--- SUPPLIED INFORMATION ---
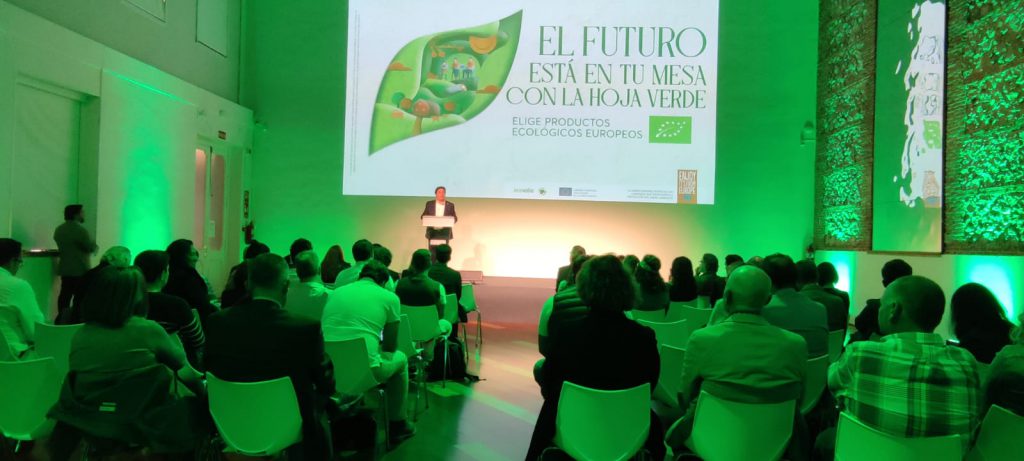 Ecovalia y Agrobio presentan una campaña conjunta de promoción de los productos ecológicos europeos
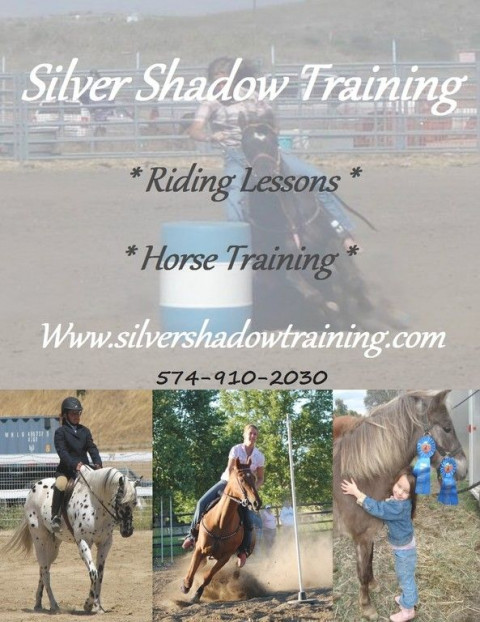 Visit Silver Shadow Training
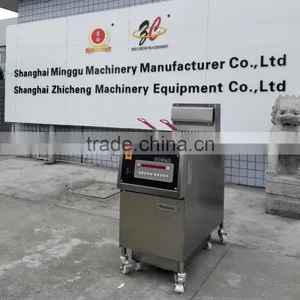 MINGGU Deep Fryer Machine High Quality KFC Open Fryer for Sale thumbnail-1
---
## PROMPT:
Word for word, output the whole listing, but not its pictures.

## OUTPUT FOR THIS TASK:
 Ecovalia y Agrobio presentan una campaña conjunta de promoción de los productos ecológicos europeos
 Visit Silver Shadow Training
 MINGGU Deep Fryer Machine High Quality KFC Open Fryer for Sale thumbnail-1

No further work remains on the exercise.